[Web page caption snippets]
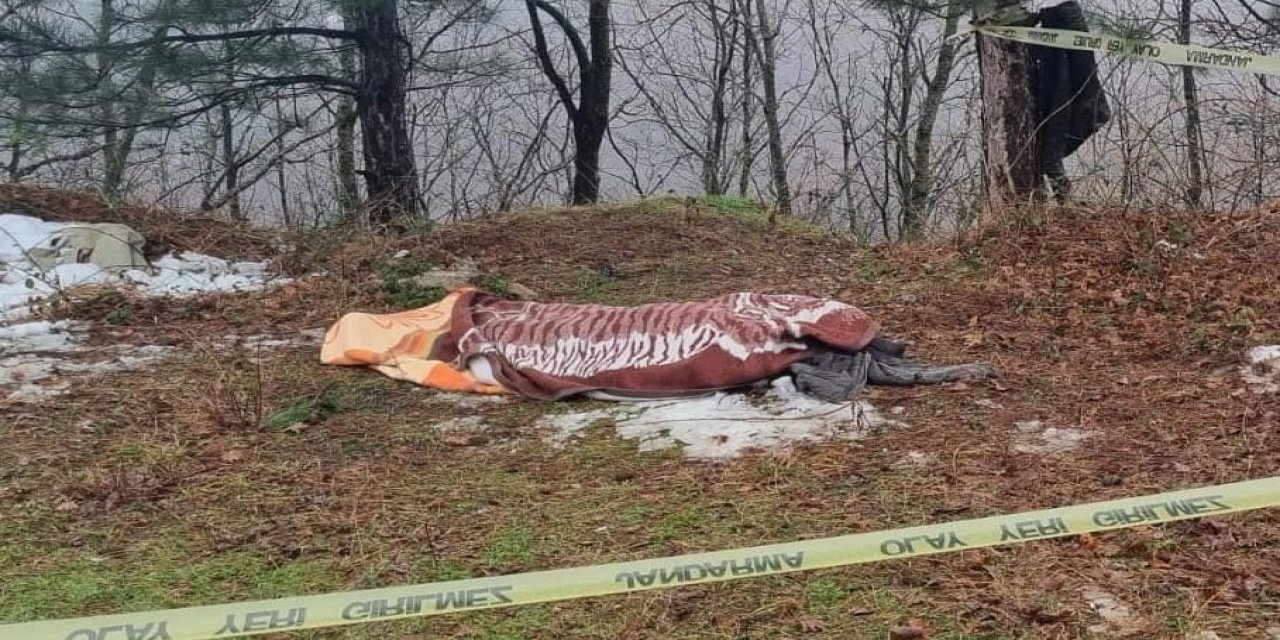 Kestiği Ağacın Altında Kalan Orman İşçisi Öldü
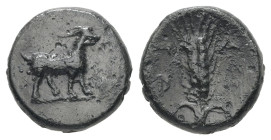 Cyclades, Paros. Ae, 1.48 g 11.33 mm. 4th-3rd century BC.
Obv: Goat standing right.
Rev: Π-Α/Ρ-Ι Grain ear.
Ref: BMC 7. HGC 6, 677.
Very fine.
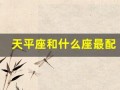 天平座和什么座最配(天平座和谁最配)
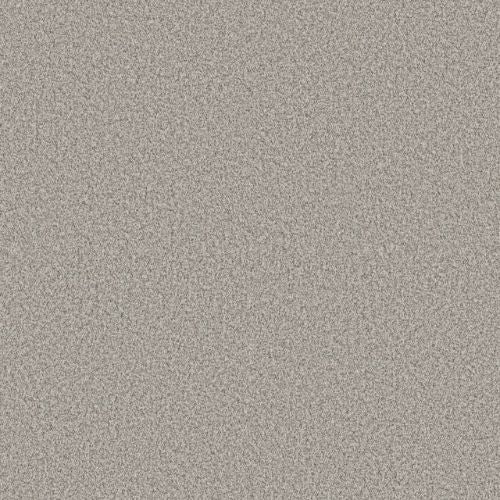 Artistic Fusion I by Shaw Floors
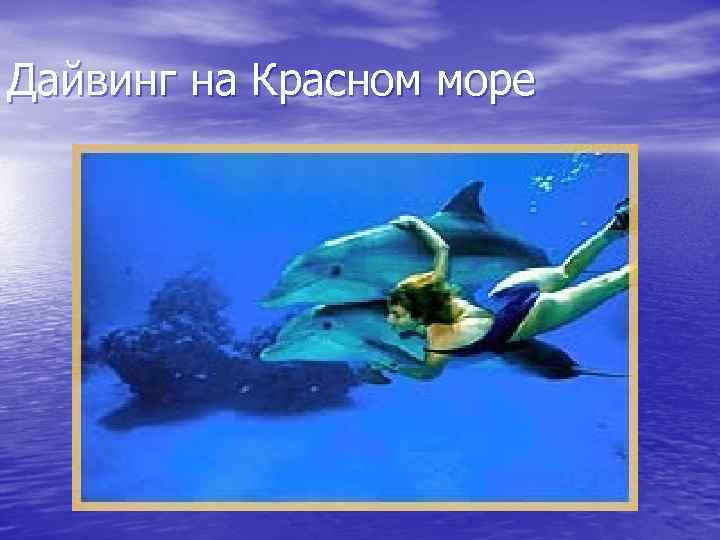  Дайвинг на Красном море 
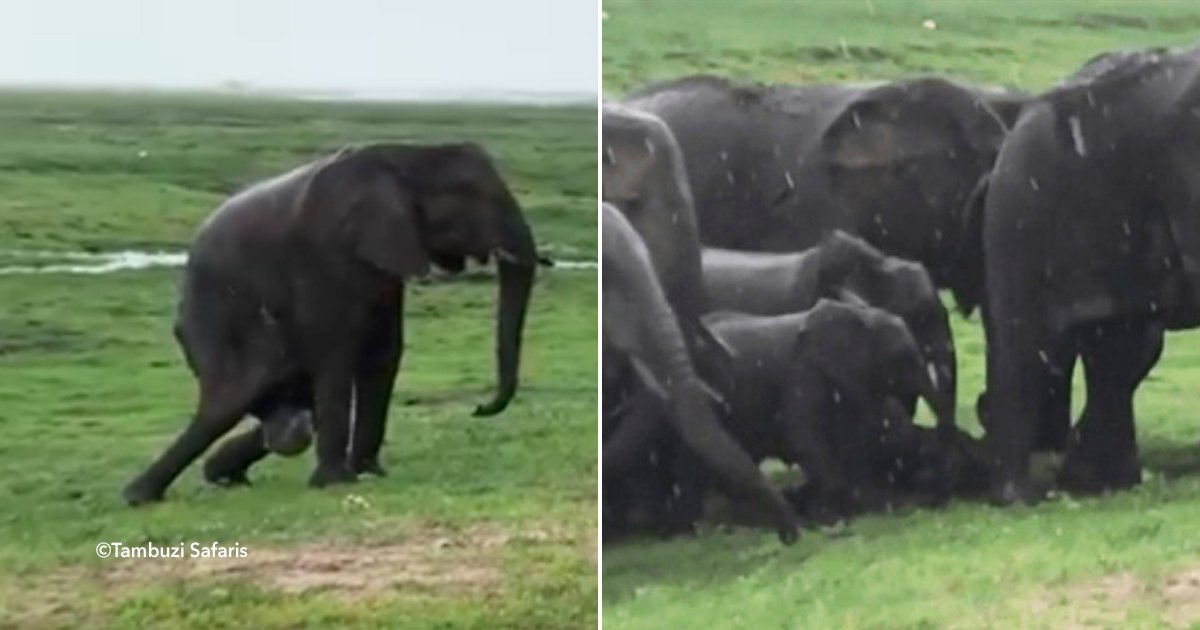 cover22elef.jpg?resize=1200,630 - Turista logró filmar a un elefante dar a luz durante un safari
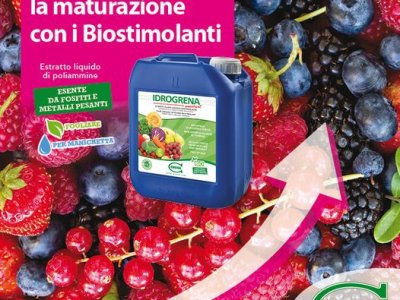 Regolarizza la maturazione con i Biostimolanti Grena! Idrogrena è un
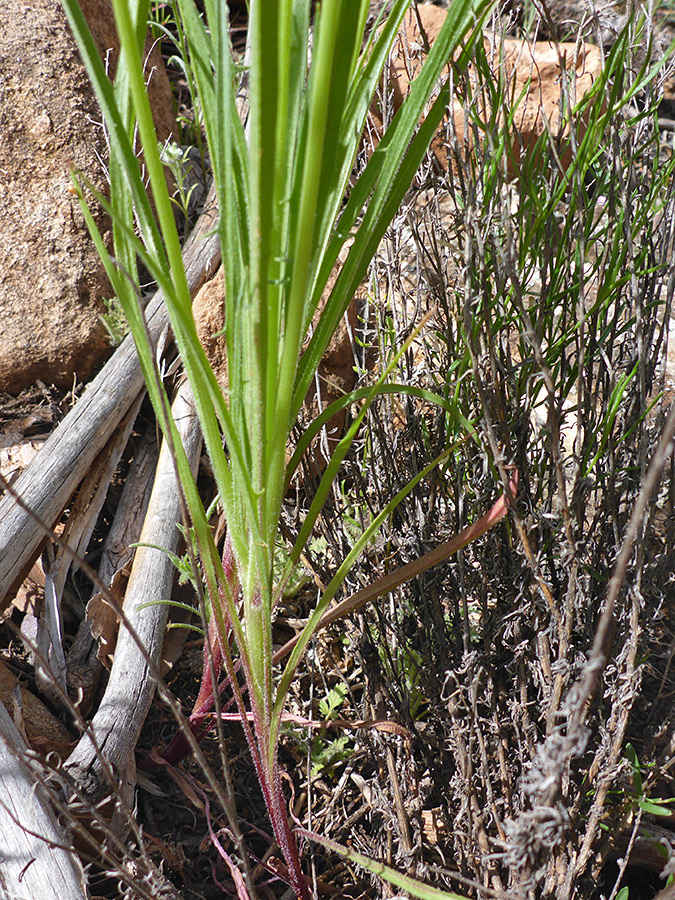 Linear leaves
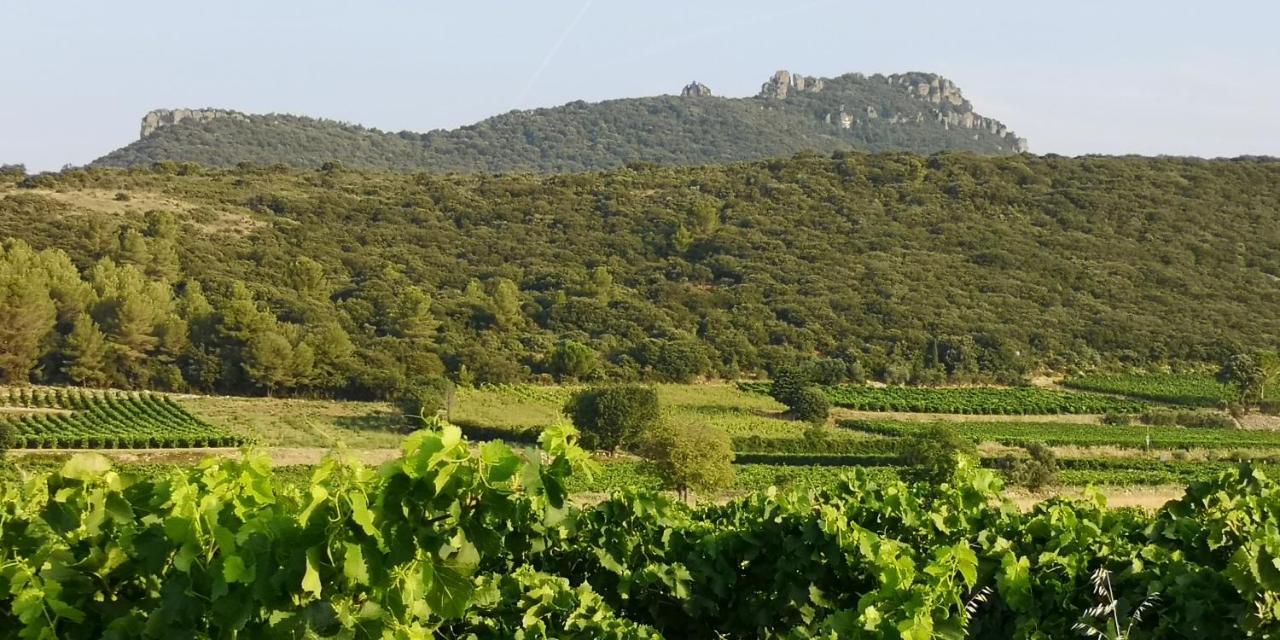 Saint-Saturnin-de-Lucian米莫萨旅馆住宿加早餐旅馆 外观 照片
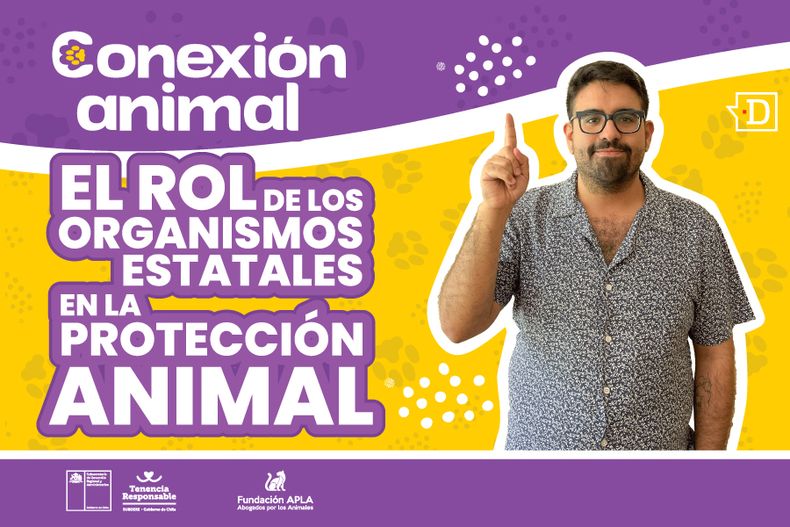 El rol 900x600 1.jpg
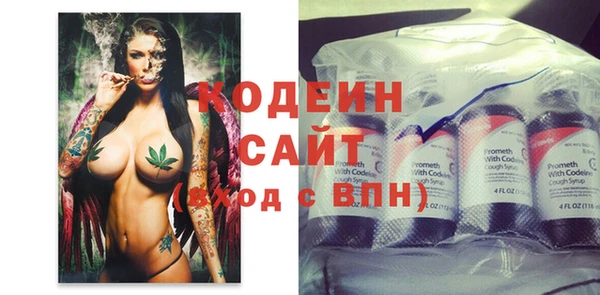 МДПВ Вяземский
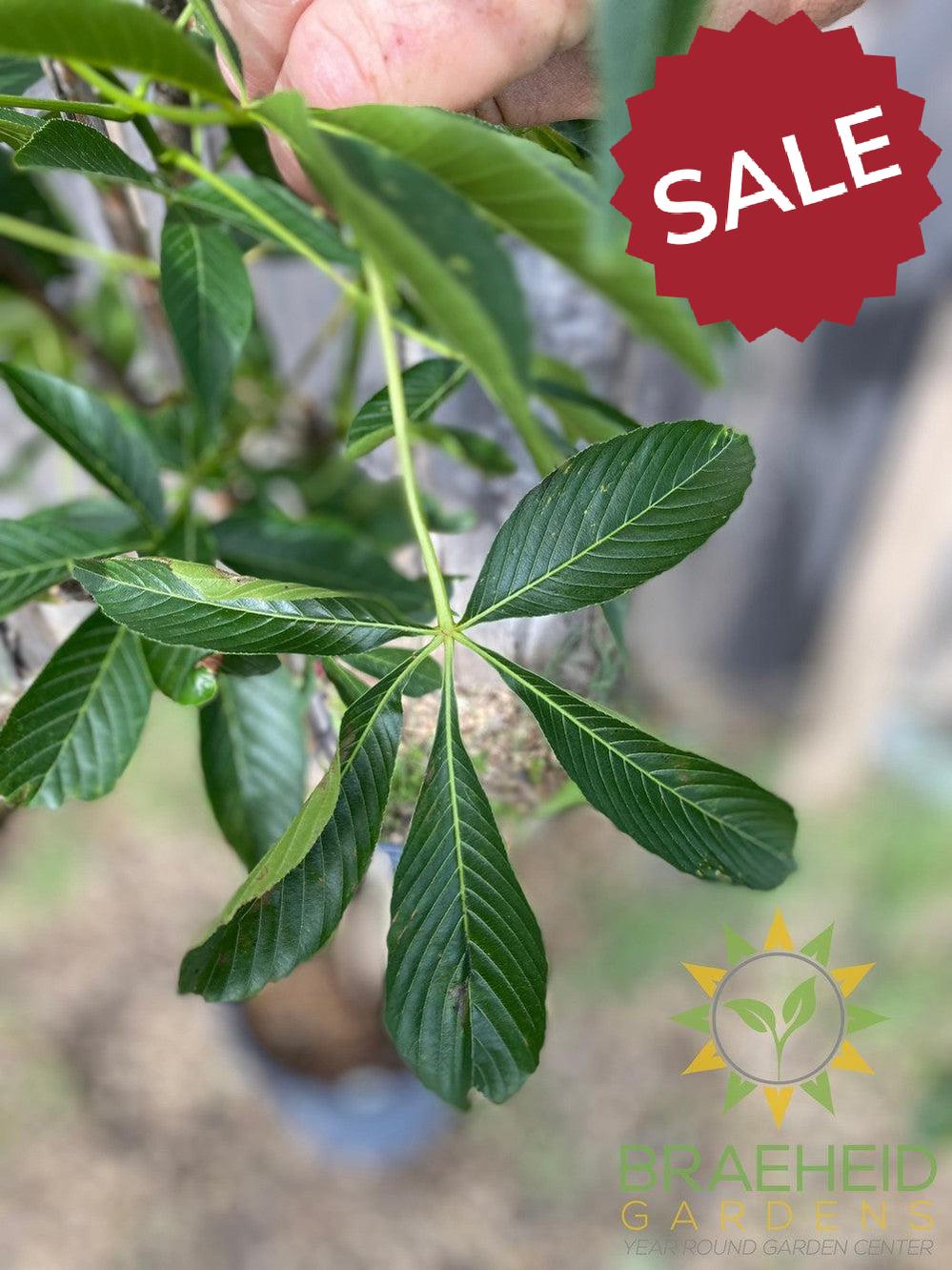 Autumn Splendor Buckeye- Tree for sale, Grown in Grande Prairie -Braeheid Gardens Ltd. on Emerson Trail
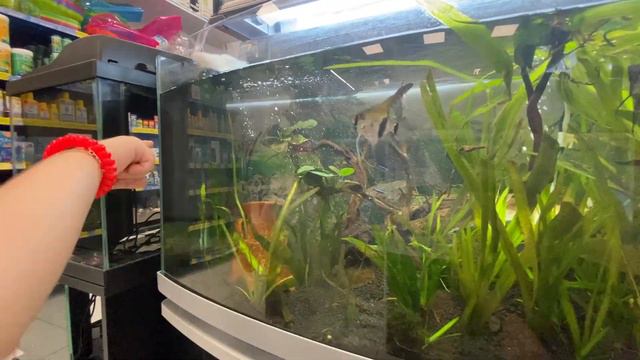 Золота рибка! Goldfish! #videoforkids смотреть онлайн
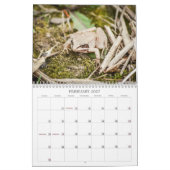 Calendrier Créatures de la forêt Nature  (Feb 2027)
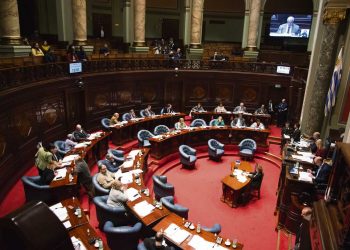 Con votos de la coalición se aprobó el proyecto de tenencia compartida en Senadores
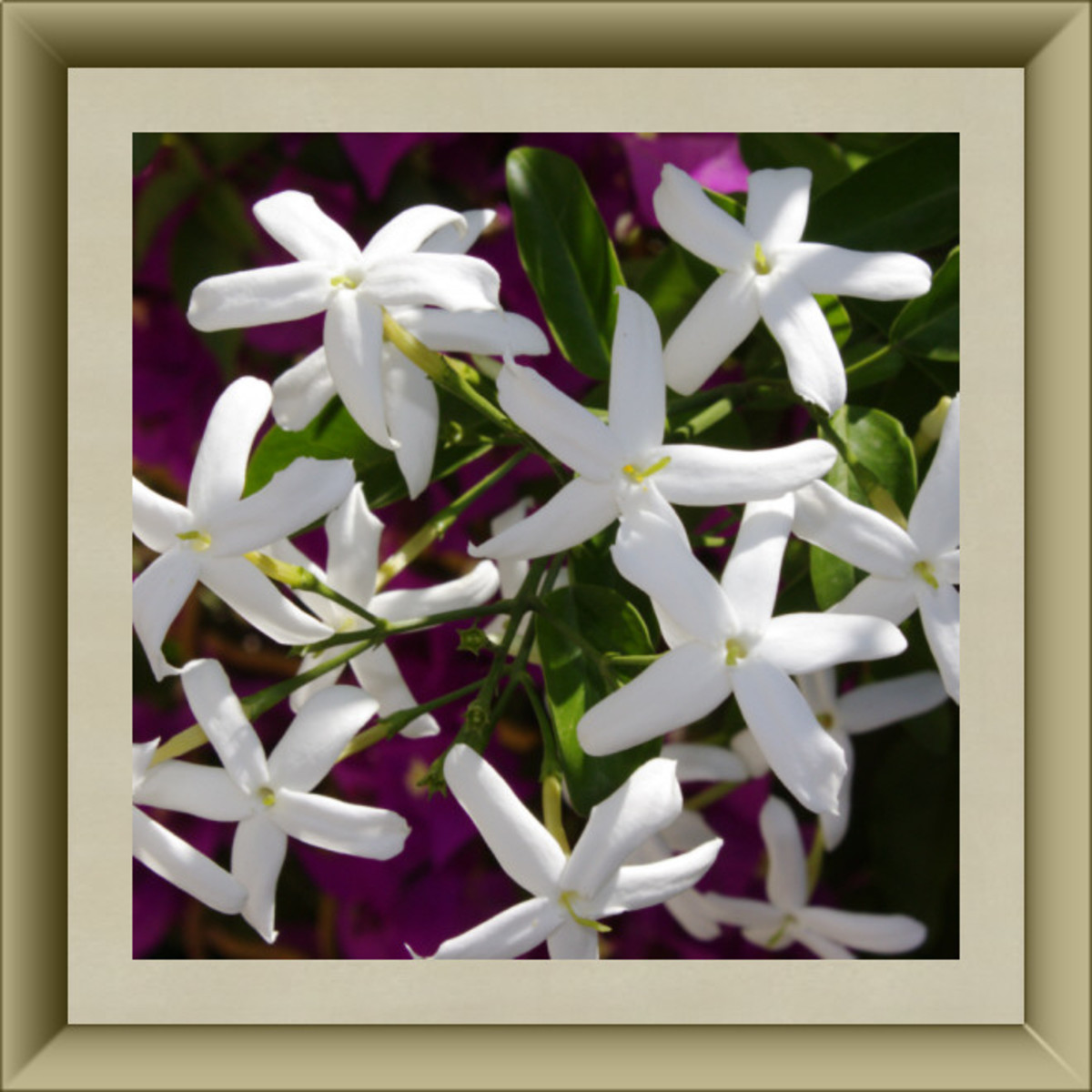Jasmine Blossoms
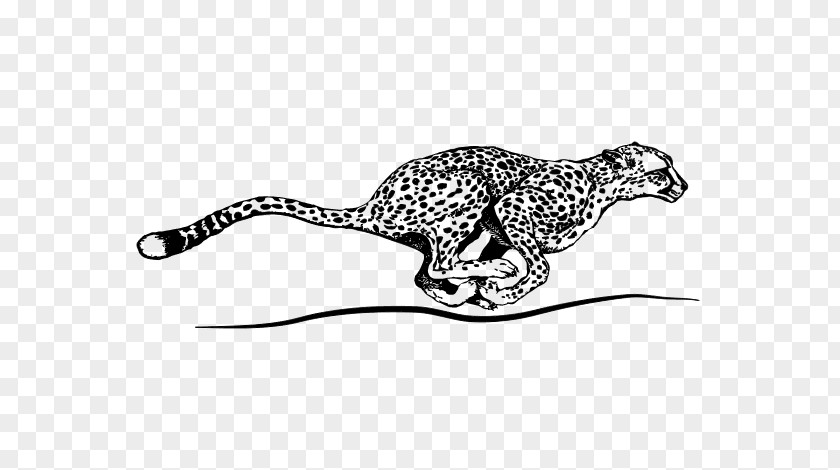 Cheetah Run Cougar Jaguar Leopard Coloring Book PNG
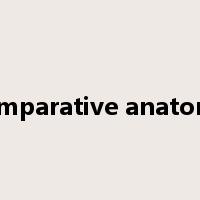 comparative anatomy是什么意思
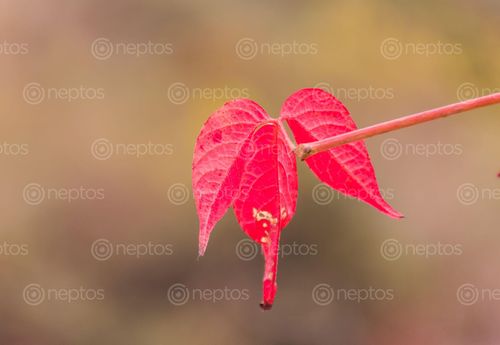 Find  the Image wild,red,leaf,nature,closeup,view  and other Royalty Free Stock Images of Nepal in the Neptos collection.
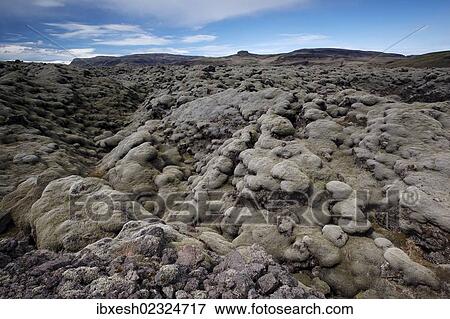 "Carpet of moss, southern Iceland, Iceland, Europe" View Large Photo Image Stock Photo - "Carpet of moss, southern Iceland, Iceland, Europe". Fotosearch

» **DIRECTIONS**: Copy nothing but the lines above from the one with "El rol 900x600 1.jpg" to the one with "Calendrier Créatures de", inclusive, word for word. Leave every picture out.

» **WRITTEN REPLY**:
 El rol 900x600 1.jpg
 МДПВ Вяземский
 Autumn Splendor Buckeye- Tree for sale, Grown in Grande Prairie -Braeheid Gardens Ltd. on Emerson Trail
 Золота рибка! Goldfish! #videoforkids смотреть онлайн
 Calendrier Créatures de la forêt Nature  (Feb 2027)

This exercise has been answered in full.